• [Work to be completed]: In the entries below, find the line containing "Pov point of" and the line containing "Lot 2017 - A". Copy those two lines and everything between them exactly, without the pictures.

• [Exercise inputs]:
Start of Block

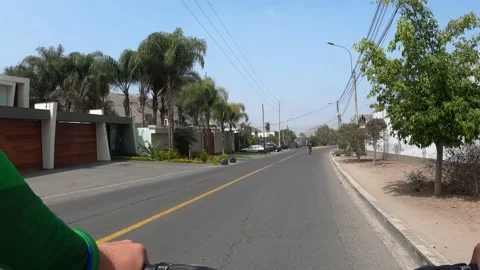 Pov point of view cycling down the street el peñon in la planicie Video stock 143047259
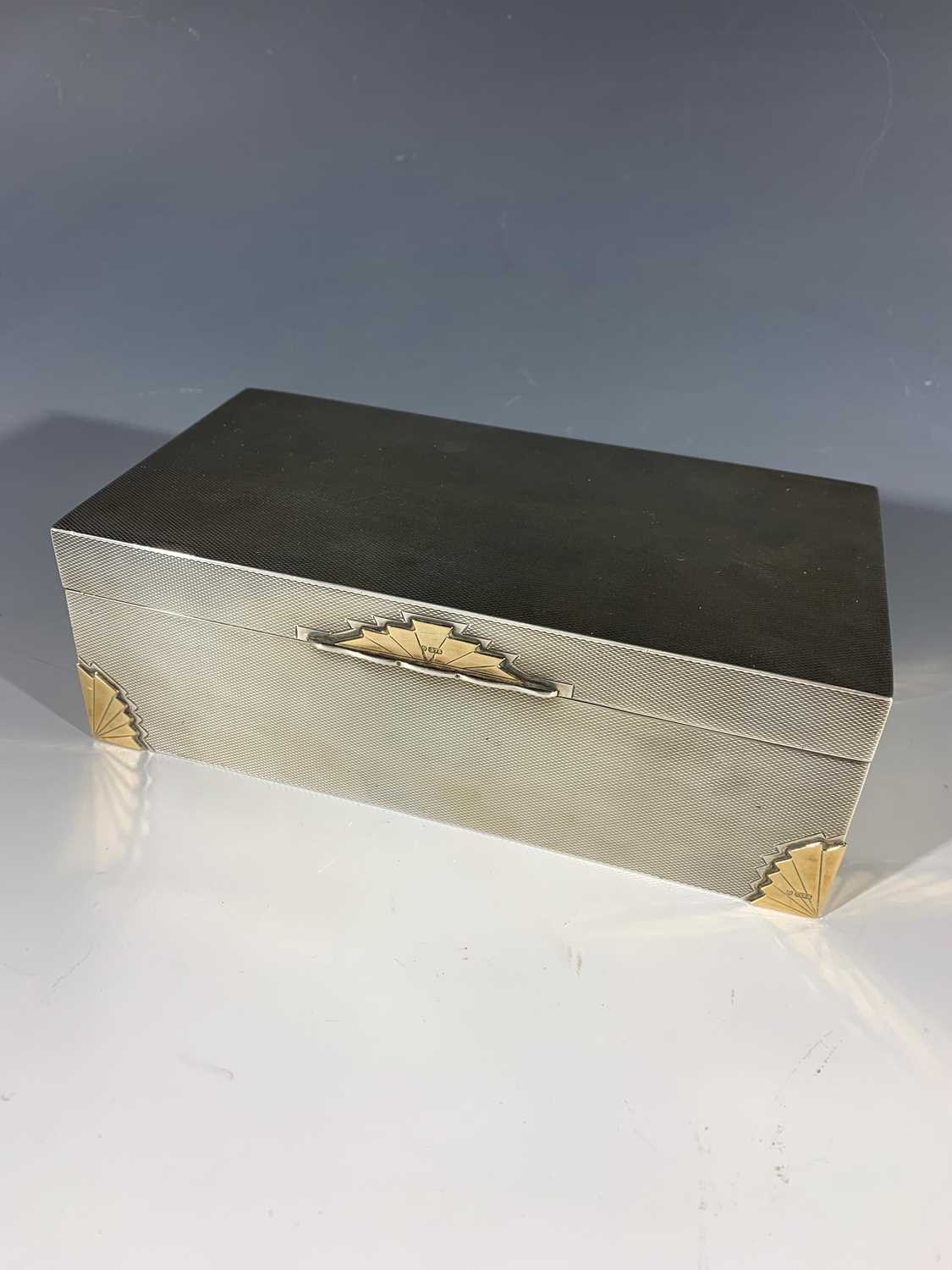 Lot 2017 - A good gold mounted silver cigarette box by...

End of Block
Start of Block

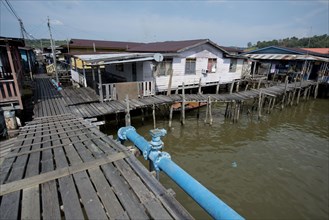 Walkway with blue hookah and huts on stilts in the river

End of Block

• [Reply to the task]:
 Pov point of view cycling down the street el peñon in la planicie Video stock 143047259
 Lot 2017 - A good gold mounted silver cigarette box by...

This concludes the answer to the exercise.